Chronique

L’invention de la vie d’artiste

Par Christophe Domino · Le Journal des Arts

Le 10 décembre 2014 - 805 mots

En associant écrits d’artiste et éléments biographiques, la romancière Siri Hustvedt dresse le portrait attachant d’une artiste fictive, brouillant les catégories.

Les écrits d’artiste ont trouvé leur place dans la production éditoriale. Ceux d’Harriet Burden renouvellent le genre. Publiés et édités par l’universitaire I. V. Hees, ils en apportent une nouvelle vision, et des plus intéressantes. Ils consistent en un ensemble de cahiers manuscrits laissés par l’artiste new-yorkaise disparue en 2004, et rédigés en parallèle à sa production – des cahiers plus thématiques que chronologiques, identifiés par les lettres de l’alphabet. On peut penser aux cahiers de Jean Dubuffet, attentivement conçus comme des objets à la fois textuels et graphiques, auxquels l’artiste Pierre Leguillon a consacré un film et un livre (Dubuffet typographe, aux Presses du réel, publié en 2013 mais déjà épuisé).

En avant-propos, l’universitaire américaine raconte sa rencontre avec ce corpus singulier, au terme d’une véritable enquête menée sur plusieurs années à partir d’une mention dans un texte critique de Richard Brickman, publié en 2003 dans la revue The Open Eye. Brickman y révélait comment l’artiste a mené dans les années 1990 un projet singulier, celui de faire exposer dans des galeries new-yorkaise des œuvres produites par elle-même mais signées par des artistes prête-nom masculins. Ces expositions rencontrèrent le succès que le fait d’être femme (et de surcroît « femme de ») lui avait interdit.

De mentions furtives en références obscures, I. V. Hees est remontée à la famille de l’artiste qui lui a confié l’ensemble de ces écrits, pour le projet d’une anthologie publiée aujourd’hui. Elle l’a complétée de nombreux entretiens et témoignages de proches de l’artiste (ses enfants, des galeristes, des critiques), ou encore de certains extraits d’articles qui lui furent consacrés.

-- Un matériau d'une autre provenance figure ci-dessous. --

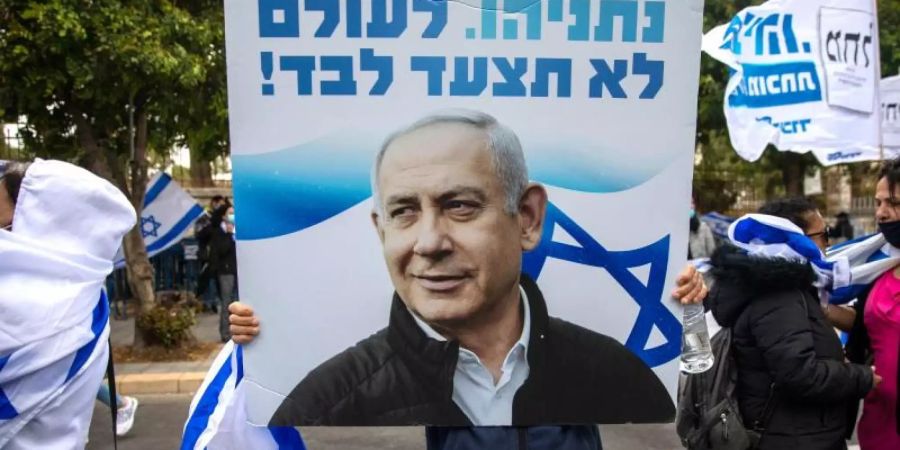Anhänger von Ministerpräsident Netanjahu schwenken Fahnen und halten Plakate vor seiner Residenz in Jerusalem hoch. Foto: Ariel Schalit/AP/dpa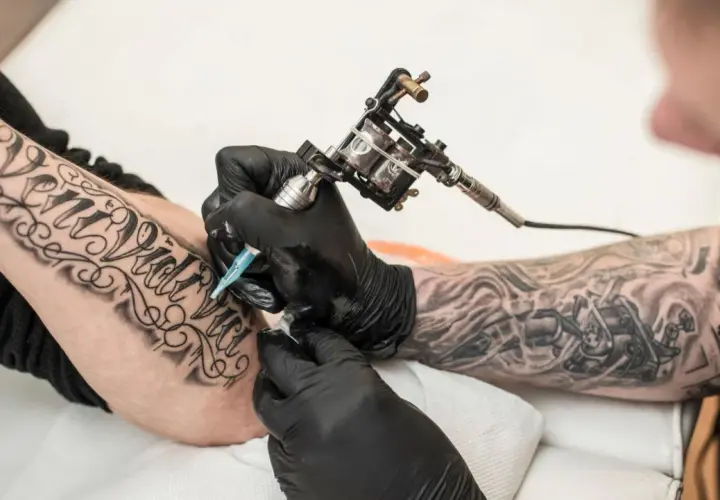 Artysta tworzy nowy tatuaż na przedramieniu klienta, używając maszynki do tatuowania.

Les écrits d’Harriet Burden, surnommée « Harry » par certains, mêlent notes de travail, pages de journal intime d’une mère et épouse puis veuve du grand marchand d’art Félix Lord, et des réflexions issues des lectures de l’artiste, souvent savantes, scientifiques, philosophiques ou esthétiques – réflexions parfois cryptées ou librement interprétatives, reprises sous une forme souvent fragmentaire. La phénoménologie, la psychanalyse, les théories artistiques modernistes, l’œuvre d’artistes (comme Louise Bourgeois) ou d’auteurs singuliers y ont leur place, le tout accompagné de l’appareil critique en forme de notes de bas de page de I. V. Hees. Mais l’anthologie fait aussi place à de nombreuses pages d’introspection sensible, qui construisent un personnage écorché, sensible, irrégulier
– pour finir très attachant.

L’œuvre elle-même consiste en des sculptures-installations, souvent des personnages anthropomorphes faits de matériaux divers, des poupées aux allures de fétiches intimes intégrées à des dispositifs quasi scénographiques. « Son art avait aussi un caractère littéraire, narratif, qui rebutait beaucoup de monde. Je suis convaincue que sa seule érudition agissait comme un irritant sur certains critiques », note la critique Rosemary Lerner qui précise plus loin, parlant de ses expositions masquées : « Burden voulait son expérience, et voulait demeurer cachée. […] En même temps, les masques doivent être considérés comme un nouvel aspect de ce qu’elle faisait le mieux : la création d’œuvres d’une ambiguïté calculée » (p. 87). Mais on n’en connaît aucune image. Et pour cause.

Scrupule documentaire
« L’invention de la vie d’artiste » : c’est le titre que Pierre Bourdieu donne à un article paru initialement en 1975 (in Actes de la recherche en sciences sociales), où le sociologue développe son travail sur la figure de l’artiste, construisant son objet à la lecture de L’Éducation sentimentale de Flaubert, un roman. Ainsi l’artiste de fiction peut-il être presque l’égal d’un être vivant, ou du moins sa figure. C’est ce que Siri Hustvedt démontre avec Un monde flamboyant. Créée selon un scrupule documentaire, Harriet Burden est une fiction placée au cœur de ce roman publié en cette rentrée littéraire dans sa traduction française. En la créant de toutes pièces, la romancière américaine construit un personnage d’artiste fort, ou peut-être surtout un personnage fort parce qu’artiste. Le roman est ainsi composé de fragments de sources diverses, qui pour ce portrait de femme associent des voix et des points de vue restituant la personnalité de l’artiste inventée.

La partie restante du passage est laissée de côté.